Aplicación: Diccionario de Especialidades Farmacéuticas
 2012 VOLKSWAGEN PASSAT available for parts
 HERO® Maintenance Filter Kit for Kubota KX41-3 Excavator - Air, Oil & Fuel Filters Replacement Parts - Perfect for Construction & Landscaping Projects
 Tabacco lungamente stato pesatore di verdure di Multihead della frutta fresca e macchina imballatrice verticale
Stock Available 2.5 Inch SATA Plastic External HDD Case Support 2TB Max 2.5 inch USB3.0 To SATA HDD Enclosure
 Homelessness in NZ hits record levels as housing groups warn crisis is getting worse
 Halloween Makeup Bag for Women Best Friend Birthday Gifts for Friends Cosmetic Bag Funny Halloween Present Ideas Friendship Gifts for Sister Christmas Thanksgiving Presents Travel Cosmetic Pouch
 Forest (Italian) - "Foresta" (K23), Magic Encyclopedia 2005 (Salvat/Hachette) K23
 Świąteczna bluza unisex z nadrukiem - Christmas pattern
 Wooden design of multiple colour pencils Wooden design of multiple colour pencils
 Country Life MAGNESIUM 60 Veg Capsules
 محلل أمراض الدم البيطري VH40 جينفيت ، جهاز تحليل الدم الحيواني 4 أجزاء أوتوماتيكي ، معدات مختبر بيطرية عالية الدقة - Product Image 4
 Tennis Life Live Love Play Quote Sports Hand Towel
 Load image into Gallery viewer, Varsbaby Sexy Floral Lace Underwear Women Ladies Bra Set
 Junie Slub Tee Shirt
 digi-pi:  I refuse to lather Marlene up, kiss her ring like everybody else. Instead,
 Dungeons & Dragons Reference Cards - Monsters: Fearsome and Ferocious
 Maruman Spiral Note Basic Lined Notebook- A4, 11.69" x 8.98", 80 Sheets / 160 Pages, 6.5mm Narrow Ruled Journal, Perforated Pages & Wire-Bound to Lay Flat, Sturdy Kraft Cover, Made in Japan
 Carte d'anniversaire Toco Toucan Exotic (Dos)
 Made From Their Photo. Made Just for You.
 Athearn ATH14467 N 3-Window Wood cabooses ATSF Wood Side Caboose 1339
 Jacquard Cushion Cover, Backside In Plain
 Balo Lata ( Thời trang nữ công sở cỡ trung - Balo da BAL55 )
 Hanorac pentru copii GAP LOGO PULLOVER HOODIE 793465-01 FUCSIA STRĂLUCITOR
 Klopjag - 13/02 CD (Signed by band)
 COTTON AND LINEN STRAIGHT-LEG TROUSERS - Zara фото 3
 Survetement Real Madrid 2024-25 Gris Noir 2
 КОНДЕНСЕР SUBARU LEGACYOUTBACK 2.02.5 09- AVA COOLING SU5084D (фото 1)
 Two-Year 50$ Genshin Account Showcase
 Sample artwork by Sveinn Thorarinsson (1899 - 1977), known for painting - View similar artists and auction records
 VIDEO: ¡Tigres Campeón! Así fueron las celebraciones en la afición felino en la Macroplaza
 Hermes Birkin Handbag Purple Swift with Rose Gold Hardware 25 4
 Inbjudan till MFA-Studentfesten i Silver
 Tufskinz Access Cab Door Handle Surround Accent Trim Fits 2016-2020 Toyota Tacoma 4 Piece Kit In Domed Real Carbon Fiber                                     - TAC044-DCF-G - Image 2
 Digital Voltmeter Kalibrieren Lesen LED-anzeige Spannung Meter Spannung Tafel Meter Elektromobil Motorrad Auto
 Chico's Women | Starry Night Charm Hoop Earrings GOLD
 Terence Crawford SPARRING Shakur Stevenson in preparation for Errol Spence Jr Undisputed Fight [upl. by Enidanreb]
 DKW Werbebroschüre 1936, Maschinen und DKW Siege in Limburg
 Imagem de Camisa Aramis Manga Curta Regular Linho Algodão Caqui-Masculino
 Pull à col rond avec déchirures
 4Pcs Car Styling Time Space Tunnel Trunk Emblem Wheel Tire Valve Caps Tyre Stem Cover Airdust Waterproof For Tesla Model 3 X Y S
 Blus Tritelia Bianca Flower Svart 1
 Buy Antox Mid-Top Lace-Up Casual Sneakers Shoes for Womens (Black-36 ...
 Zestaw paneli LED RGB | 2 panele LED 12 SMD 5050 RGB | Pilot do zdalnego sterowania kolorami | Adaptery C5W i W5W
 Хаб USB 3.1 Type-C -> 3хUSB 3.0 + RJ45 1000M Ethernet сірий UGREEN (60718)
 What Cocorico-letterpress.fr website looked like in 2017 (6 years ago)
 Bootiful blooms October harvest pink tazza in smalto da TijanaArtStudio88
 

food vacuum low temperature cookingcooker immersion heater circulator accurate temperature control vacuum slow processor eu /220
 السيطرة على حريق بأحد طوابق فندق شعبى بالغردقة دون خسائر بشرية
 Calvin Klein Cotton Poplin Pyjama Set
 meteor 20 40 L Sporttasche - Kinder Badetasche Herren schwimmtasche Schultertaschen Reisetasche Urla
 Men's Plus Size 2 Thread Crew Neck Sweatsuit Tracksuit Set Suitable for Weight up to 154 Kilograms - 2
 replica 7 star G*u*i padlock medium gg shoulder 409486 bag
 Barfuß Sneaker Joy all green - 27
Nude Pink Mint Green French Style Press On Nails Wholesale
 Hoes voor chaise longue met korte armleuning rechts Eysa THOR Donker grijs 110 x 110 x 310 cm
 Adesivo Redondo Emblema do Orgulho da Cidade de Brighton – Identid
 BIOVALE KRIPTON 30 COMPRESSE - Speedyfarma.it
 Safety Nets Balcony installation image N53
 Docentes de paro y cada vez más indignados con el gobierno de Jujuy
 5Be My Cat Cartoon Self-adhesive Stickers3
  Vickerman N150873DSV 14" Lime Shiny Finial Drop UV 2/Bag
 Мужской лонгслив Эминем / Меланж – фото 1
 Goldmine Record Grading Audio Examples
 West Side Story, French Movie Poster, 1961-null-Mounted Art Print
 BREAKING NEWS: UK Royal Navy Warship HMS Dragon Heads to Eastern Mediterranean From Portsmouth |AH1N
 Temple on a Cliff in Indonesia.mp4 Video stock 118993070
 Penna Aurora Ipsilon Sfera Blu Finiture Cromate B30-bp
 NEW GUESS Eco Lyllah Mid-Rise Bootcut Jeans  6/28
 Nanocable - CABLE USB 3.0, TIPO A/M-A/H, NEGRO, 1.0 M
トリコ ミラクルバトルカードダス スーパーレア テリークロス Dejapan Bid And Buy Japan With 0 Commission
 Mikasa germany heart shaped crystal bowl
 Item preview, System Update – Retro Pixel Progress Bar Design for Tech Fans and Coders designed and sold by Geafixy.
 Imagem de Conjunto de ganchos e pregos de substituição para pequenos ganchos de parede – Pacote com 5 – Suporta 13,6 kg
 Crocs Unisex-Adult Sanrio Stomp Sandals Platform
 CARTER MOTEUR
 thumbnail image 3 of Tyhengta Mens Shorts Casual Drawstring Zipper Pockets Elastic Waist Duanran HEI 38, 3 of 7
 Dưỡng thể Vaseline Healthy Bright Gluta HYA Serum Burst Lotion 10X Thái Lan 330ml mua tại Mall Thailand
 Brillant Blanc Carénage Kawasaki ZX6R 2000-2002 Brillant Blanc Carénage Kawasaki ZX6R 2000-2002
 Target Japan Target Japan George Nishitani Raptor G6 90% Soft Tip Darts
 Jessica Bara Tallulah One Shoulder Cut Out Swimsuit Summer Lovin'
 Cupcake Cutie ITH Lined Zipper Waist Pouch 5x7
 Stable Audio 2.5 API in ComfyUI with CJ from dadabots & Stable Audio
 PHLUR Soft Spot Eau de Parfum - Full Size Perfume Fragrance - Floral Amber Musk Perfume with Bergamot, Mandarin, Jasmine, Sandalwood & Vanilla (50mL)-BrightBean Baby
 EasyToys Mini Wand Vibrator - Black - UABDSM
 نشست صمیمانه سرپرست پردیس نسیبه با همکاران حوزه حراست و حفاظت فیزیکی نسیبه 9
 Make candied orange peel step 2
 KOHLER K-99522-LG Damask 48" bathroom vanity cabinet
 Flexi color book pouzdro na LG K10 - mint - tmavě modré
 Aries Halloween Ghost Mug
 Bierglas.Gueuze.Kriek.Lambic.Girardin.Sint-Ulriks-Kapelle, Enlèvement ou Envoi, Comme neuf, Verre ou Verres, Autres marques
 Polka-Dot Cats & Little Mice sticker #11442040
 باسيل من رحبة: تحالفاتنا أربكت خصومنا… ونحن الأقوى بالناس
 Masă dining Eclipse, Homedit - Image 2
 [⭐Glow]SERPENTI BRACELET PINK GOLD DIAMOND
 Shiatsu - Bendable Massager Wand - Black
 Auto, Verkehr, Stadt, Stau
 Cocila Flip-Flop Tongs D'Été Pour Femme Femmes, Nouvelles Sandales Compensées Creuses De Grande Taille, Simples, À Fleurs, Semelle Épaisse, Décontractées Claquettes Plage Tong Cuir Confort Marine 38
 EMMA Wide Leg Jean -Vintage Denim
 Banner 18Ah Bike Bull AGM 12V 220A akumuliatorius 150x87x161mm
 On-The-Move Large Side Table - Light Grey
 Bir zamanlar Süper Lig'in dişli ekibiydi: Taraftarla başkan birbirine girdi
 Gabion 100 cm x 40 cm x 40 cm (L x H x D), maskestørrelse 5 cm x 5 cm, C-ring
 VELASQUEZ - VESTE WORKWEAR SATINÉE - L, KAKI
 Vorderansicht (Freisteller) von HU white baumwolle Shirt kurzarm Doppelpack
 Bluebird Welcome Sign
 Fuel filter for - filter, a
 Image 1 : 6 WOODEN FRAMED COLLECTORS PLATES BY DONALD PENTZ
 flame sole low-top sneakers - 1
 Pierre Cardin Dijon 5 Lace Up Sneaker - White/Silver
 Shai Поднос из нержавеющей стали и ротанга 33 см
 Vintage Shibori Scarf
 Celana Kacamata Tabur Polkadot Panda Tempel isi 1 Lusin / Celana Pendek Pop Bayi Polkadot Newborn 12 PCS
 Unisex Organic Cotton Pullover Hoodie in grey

What is required =>
Set down exactly the lines of the data above, beginning with the line that has "Make candied orange peel step 2" and ending with the line that has "Auto, Verkehr, Stadt, Stau", and no others.

Solved problem =>
 Make candied orange peel step 2
 KOHLER K-99522-LG Damask 48" bathroom vanity cabinet
 Flexi color book pouzdro na LG K10 - mint - tmavě modré
 Aries Halloween Ghost Mug
 Bierglas.Gueuze.Kriek.Lambic.Girardin.Sint-Ulriks-Kapelle, Enlèvement ou Envoi, Comme neuf, Verre ou Verres, Autres marques
 Polka-Dot Cats & Little Mice sticker #11442040
 باسيل من رحبة: تحالفاتنا أربكت خصومنا… ونحن الأقوى بالناس
 Masă dining Eclipse, Homedit - Image 2
 [⭐Glow]SERPENTI BRACELET PINK GOLD DIAMOND
 Shiatsu - Bendable Massager Wand - Black
 Auto, Verkehr, Stadt, Stau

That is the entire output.